In the end, the Minnesota Vikings didn't have to choose between help for the league's worst scoring defense and a potential future franchise quarterback in Thursday's first round of the NFL Draft.
They got both, thanks to general manager Rick Spielman trading back into the first round for the third consecutive year. With UCLA outside linebacker Anthony Barr at No. 9 and Louisville quarterback Teddy Bridgewater at No. 32, Spielman has now taken seven first-rounders since assuming final say over personnel in 2012.
"It was a great day for the Minnesota Vikings," Spielman said.
The day started with the Vikings so set on Barr that they were willing to trade down one spot with Cleveland, which took Oklahoma State cornerback Justin Gilbert at No. 8. After stockpiling an extra fifth-round pick from the Browns, the Vikings grabbed Barr, a raw 6-foot-5, 255-pounder with an unusually high ceiling, according to the Vikings.
"You can't coach what this guy has," Spielman said. "This is the same conversation we had last year with Cordarrelle Patterson. He has a very high ceiling."
Patterson, the receiver/returner whom the Vikings traded back into the first round to grab last year, became an All-Pro and record-setting kick returner and a promising receiver as a rookie. As for Barr, the Vikings envision even more of a role for a defense that ranked last in the league in points allowed last season.
Barr, who was converted from fullback to linebacker just two years ago, projects as the starting strong-side linebacker and special weapon for head coach Mike Zimmer, the defensive mastermind who is transforming Leslie Frazier's reactionary Cover 2-based scheme into an aggressive pressure defense.
"He's like a fawn learning all these things," said Zimmer, referring to the fact Barr has played only two years of linebacker after switching from running back. "I've never had a linebacker that has the size and the speed and all the things this guy has."
That's saying something considering Zimmer consistently coached top-10 defenses in 14 seasons as an NFL defensive coordinator in Dallas, Atlanta and Cincinnati.
Spielman compared Barr to former Dolphin defensive end Jason Taylor, a potential future Hall of Famer.

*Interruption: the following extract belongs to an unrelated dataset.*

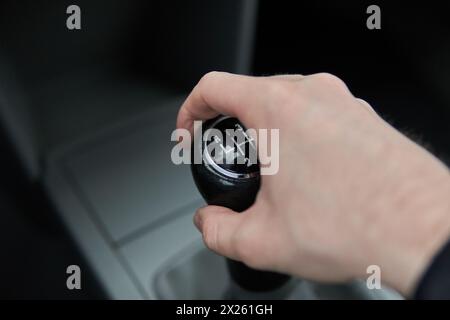 Uomo che tiene in mano la leva del selettore marce del cambio manuale mantiene il cambio nell'abitacolo della vettura Foto Stock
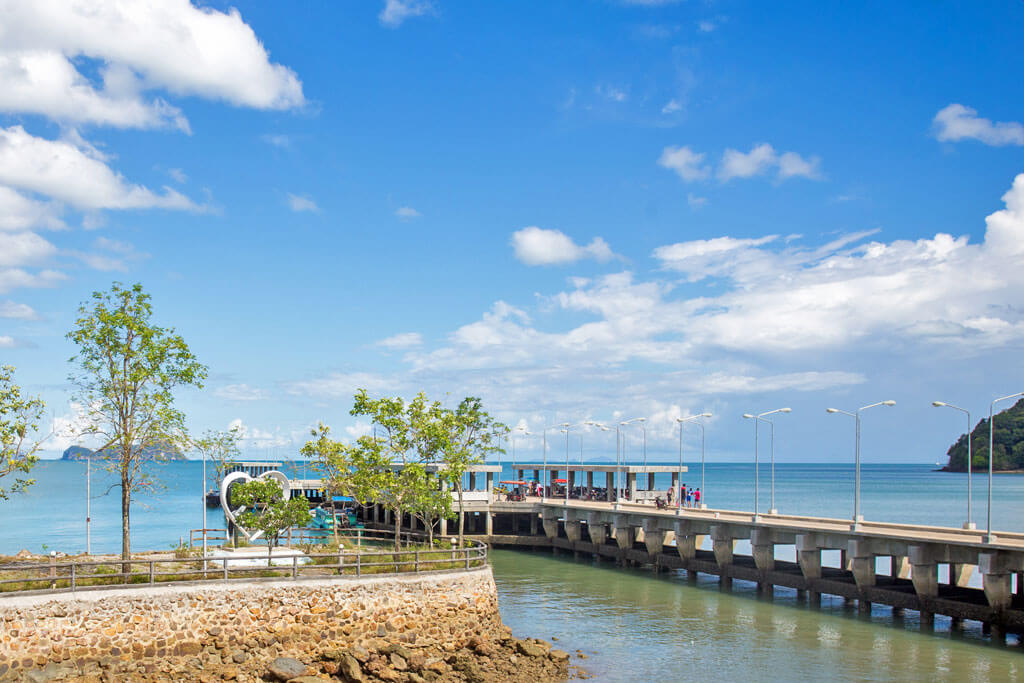Ein Bootsanleger aus Beton mit Bäumen und Straßenlaternen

Director of College Scouting Scott Studwell compared him to former Vikings defensive end Chris Doleman, a Hall of Famer. And Zimmer compared Barr's role in the Vikings' defense to how Denver uses Von Miller, the 2011 NFL Defensive Rookie of the Year.
"The strong-side linebacker is a pressure position in our defense," Zimmer said. "But he also can cover."
Barr satisfied the Vikings on game film. And he absolutely blew them away during his pro day, running a 4.47 and posting a better three-cone agility time than any of the cornerbacks at the Scouting Combine, according to Spielman.
"He can rush the passer, but with his speed, we won't have any trouble covering down the seam either," Spielman said. "He can turn his hips and move. And at his size, it makes it harder for the quarterback to fit the ball down the seam."
The Vikings' day appeared over after the ninth pick. But appearances are deceiving with Trader Rick.
Reports surfaced that the Vikings tried to trade up to the No. 22 pick to take Johnny Manziel. Spielman would neither confirm, nor deny. But Spielman and Zimmer certainly sounded as though Bridgewater was their preferred quarterback all along, particularly by offensive coordinator Norv Turner, who was entrusted with a pivotal role in identifying a potential future franchise quarterback this offseason.
A team source told NFLDraftScout.com that Turner was the driving force behind the move to get Bridgewater.
"Everywhere Teddy has been, he's won," Zimmer said. "There's something about him."
That's why the Vikings pulled the trigger on a trade with Seattle at No. 32. They gave up picks in the second (40th) and fourth (108th) rounds to move up eight spots and also secure the fifth-year option available on first-round picks per the collective bargaining agreement.
Although anything is possible, the initial plan is for Bridgewater to sit behind starter Matt Cassel and Christian Ponder, who failed as a franchise quarterback hopeful after being the 12th pick in 2011. Ponder's contract is up after this season.
"He's got time to develop," Spielman said of Bridgewater. "We're very comfortable with Matt Cassel and Christian Ponder. We don't want to force a guy to play if he's not ready."
A year ago, Bridgewater was considered the likely No. 1 overall pick. But a poor pro day helped facilitate a tumble down the draft board. The Vikings were concerned enough to schedule a personal workout with him in April in Florida.
"He did much better," Spielman said. "You could see as Norv was coaching him up in just that short amount of time that he was getting better."
Bridgewater had made headlines for not wearing his customary glove during his woeful pro day.
"I don't know if it helped or not in his personal workout," said Zimmer, "but he wore his glove."